According to an email in the leaked inbox of Sony Pictures General Counsel Leah Weil, the meeting is facilitated by the Motion Picture Association of America (MPAA) as a way for the top lawyers at Sony, Time Warner, Viacom, Paramount, Disney, NBC Universal, and Fox to put their heads together and talk global strategy.
And what exactly did the biggest movie minds in the country come up with? As detailed by the MPAA's meeting recap from this past September, some of the highlights include:
Scale up number of notices but keep spending on education to a minimum.
Translation: Send out as many takedown notices as humanly possible, but make sure the people receiving them don't necessarily know what any of it means. They'll be too scared to question it.
Be cautious about communications on site-blocking — continue building a record of success where possible, but avoid over-communicating and drawing negative attention.
Translation: Block as many sites as you can without anyone ever finding out.
MPAA will continue to refrain from commenting, when asked, about the issue of the use of VPNs and other technologies to gain online access to content consumers are otherwise restricted from accessing in their geography .
Translation: If we pretend VPNs don't exist maybe no one will find out about them.
Keep a low profile (i.e., do not actively seek press coverage, etc.) to avoid making the debate about "the content community" or copyright protection.

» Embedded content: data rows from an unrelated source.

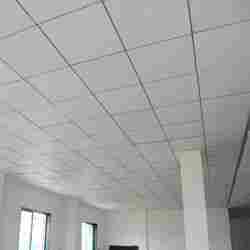 Grid Ceiling for Factory
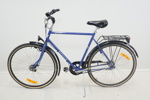 Skeppshult, herrcykel, 28 tum, 5 växlar.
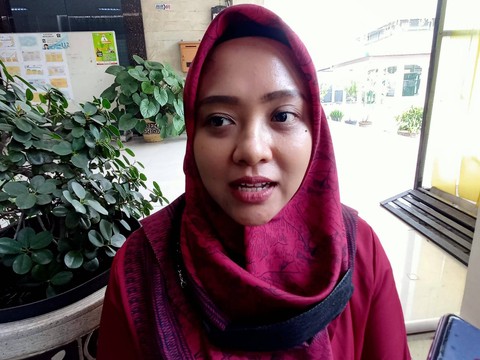 Ahli gizi dari Akademi Kuliner dan Ottimo Internasional Heni Adhianata.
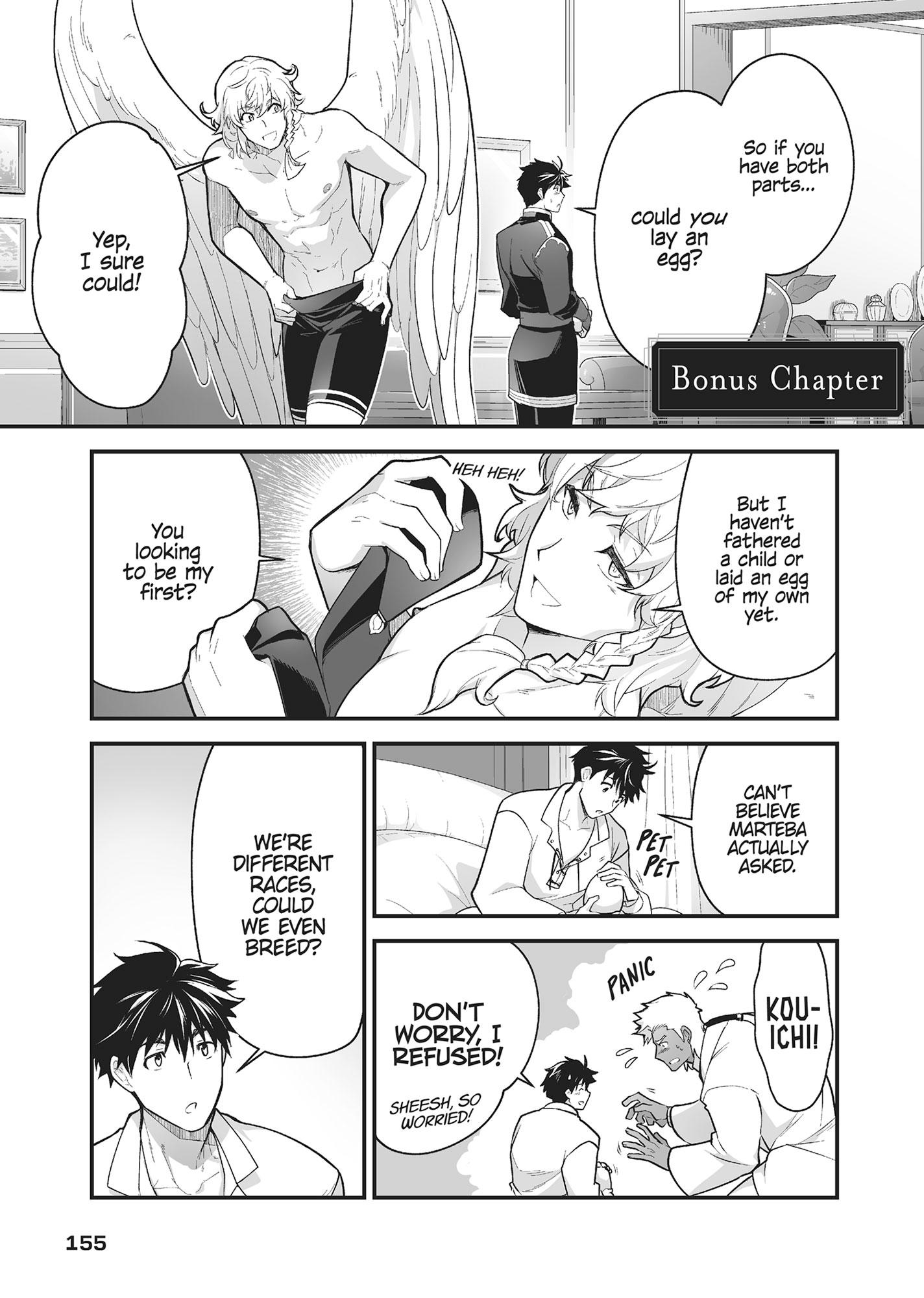 The Titan’s Bride Chapter 6.9 page 155 - 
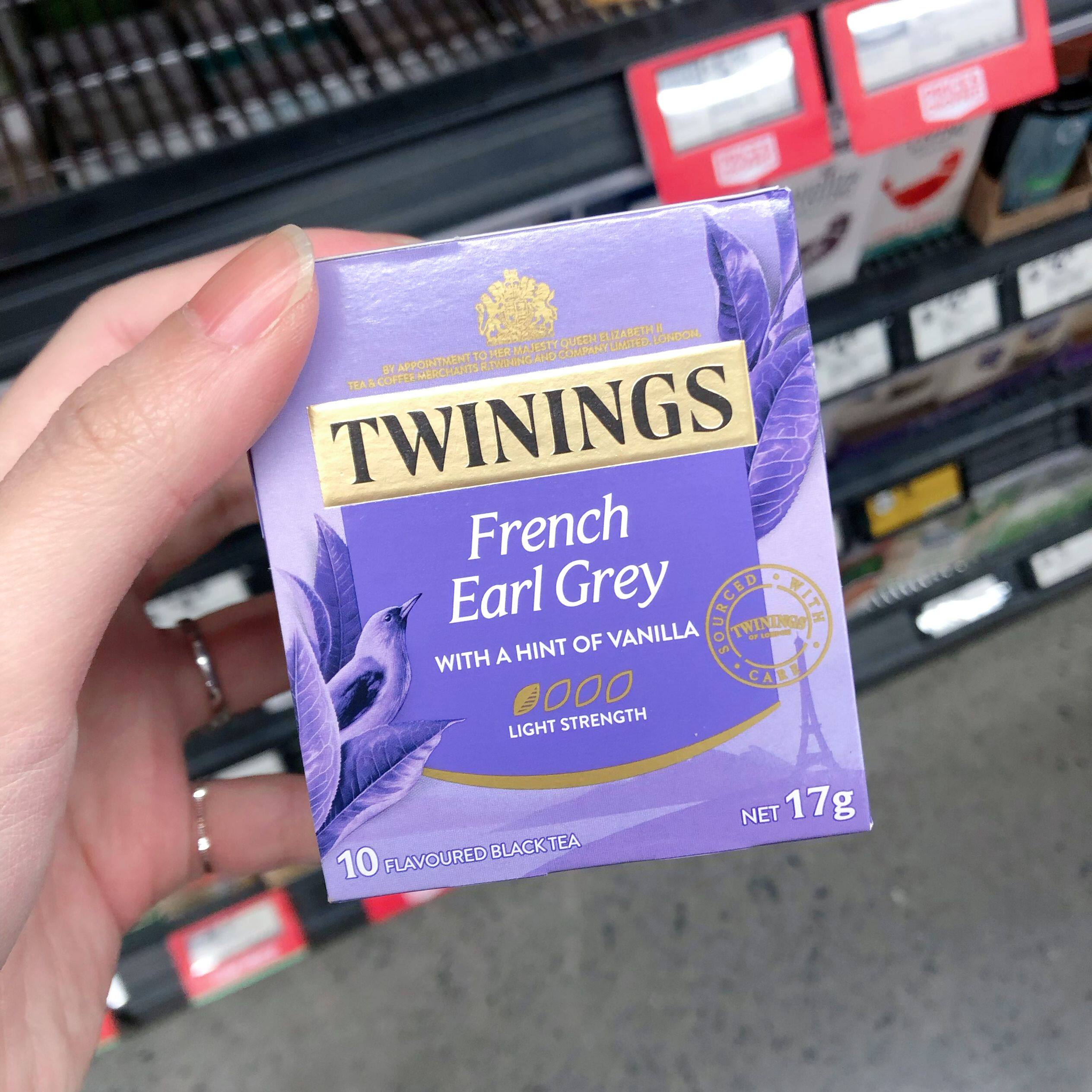 M家澳洲直邮Twinings川特色产区红茶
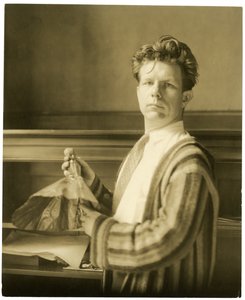 ノーマンベルゲデス、1905年 作： Jessie Tarbox Beals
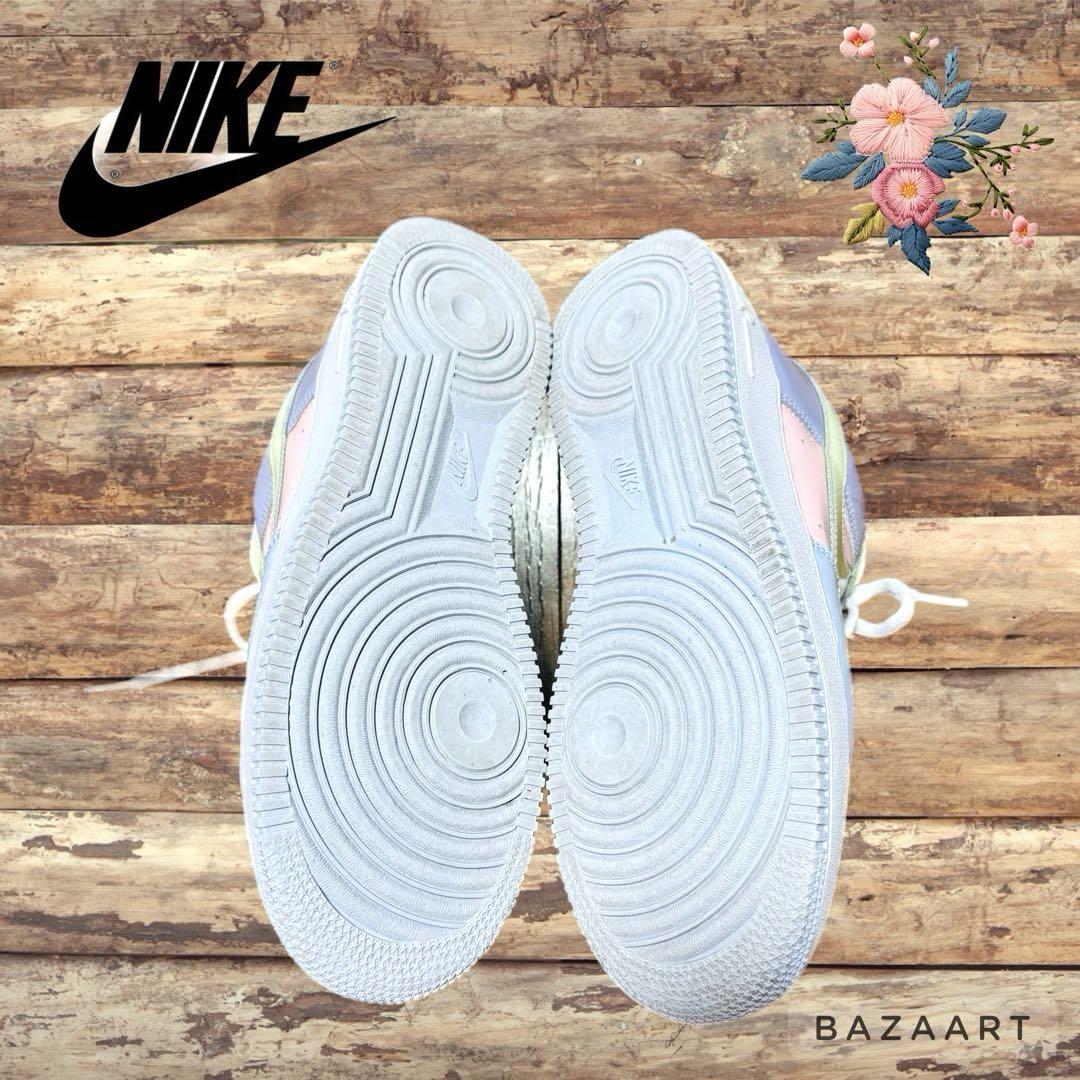 NIKE Air Force ナイキ エアフォース1 イースター エッグパステル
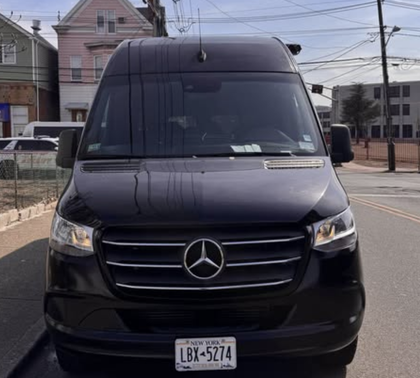 2019 Mercedes-Benz Sprinter 2500 High Roof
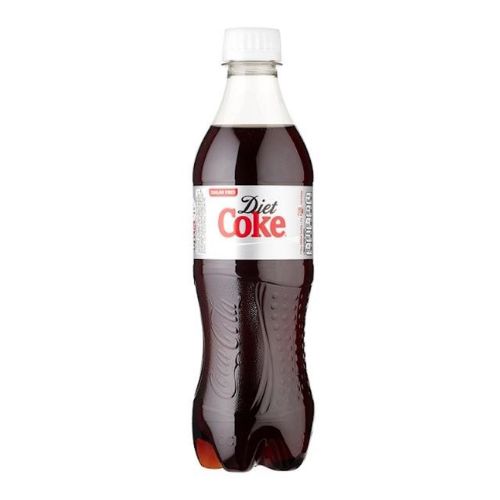 Diet Coke Bottle 500ml Drinks Diet Coke   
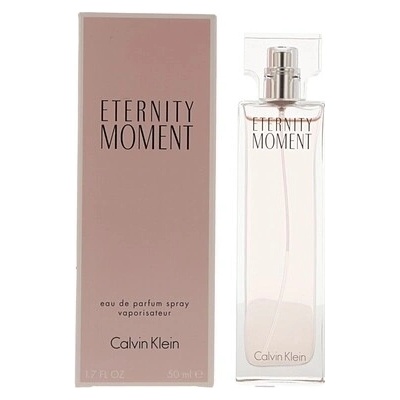 Calvin Klein Eternity dámska Moment parfumovaná voda dámska 50 ml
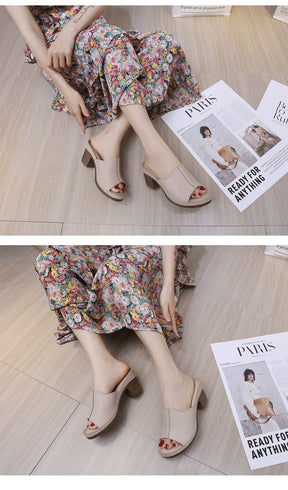 Sandália Anatômica Feminina - Talita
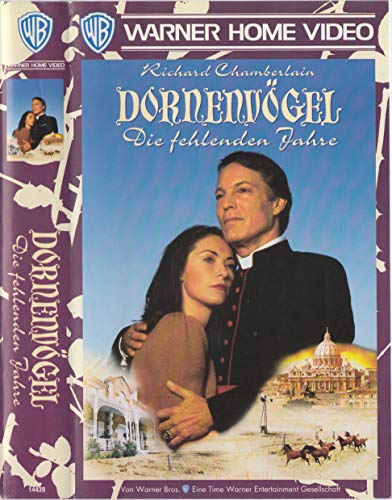 Preisvergleich Produktbild Die Dornenvögel - Die fehlenden Jahre [VHS]
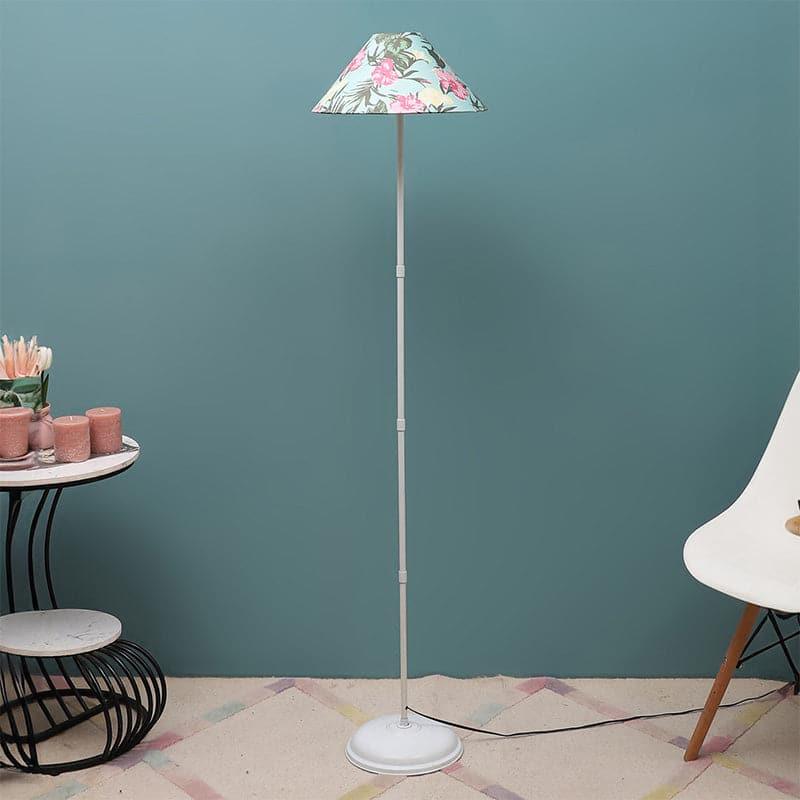 Buy Gardensa Helene Triangle Floor Lamp Floor Lamp from Vaaree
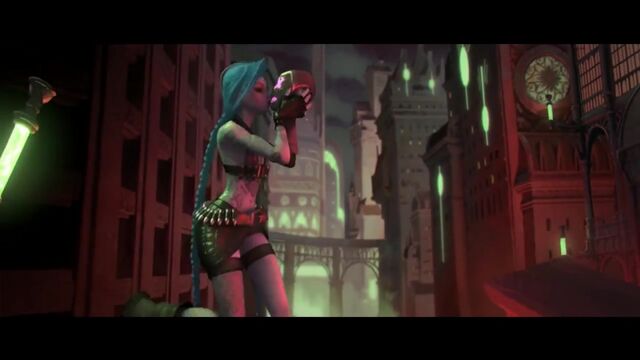 LoL Jinx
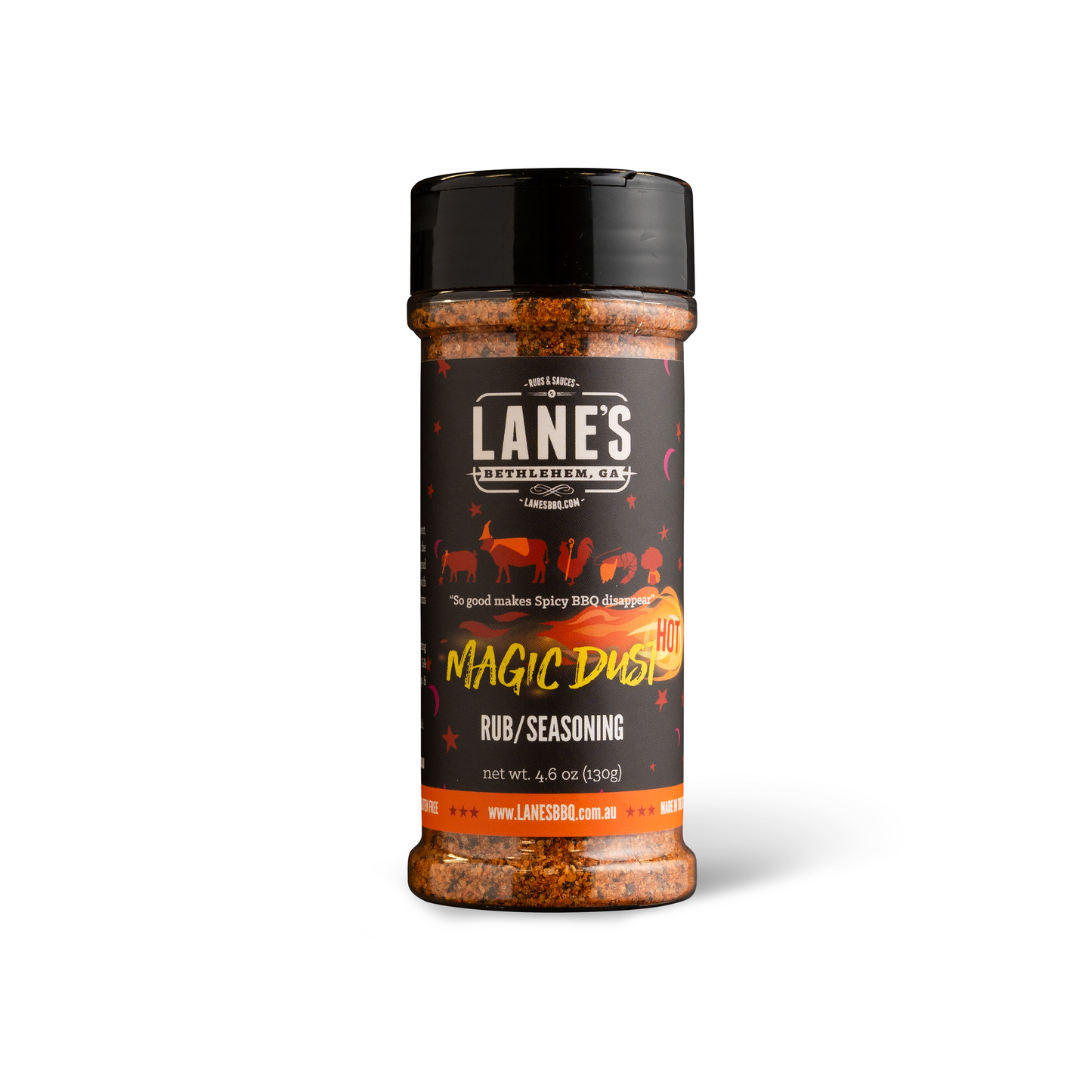 LANES Magic Dust HOT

Translation: Seriously. Don't let anyone know what you're doing.
On network neutrality: Most member companies supported, in principle, a narrow, low-profile MPAA filing focused on opposition to the regulation of content.
Translation: We are going to file an opposition to net neutrality and just kind of hope no one ever finds out. Likely similar to the one filed back in 2007.
And, perhaps sleaziest of all:
Where site-blocking is actively under consideration, make available research (1) that site-blocking works and (2) that it does not break the Internet (lack of "side effects"). [Do this] in closed-door meetings with policymakers and stakeholders, [but] not necessarily publicized to a wider audience.
Translation: In secret, private meetings with government officials where absolutely no one can call you out on your bullshit, show them research that conveniently makes every point in your case. No one can know.
And if all that sounds eerily similar to the tactics tobacco companies use to obfuscate reality — well, it's because it is.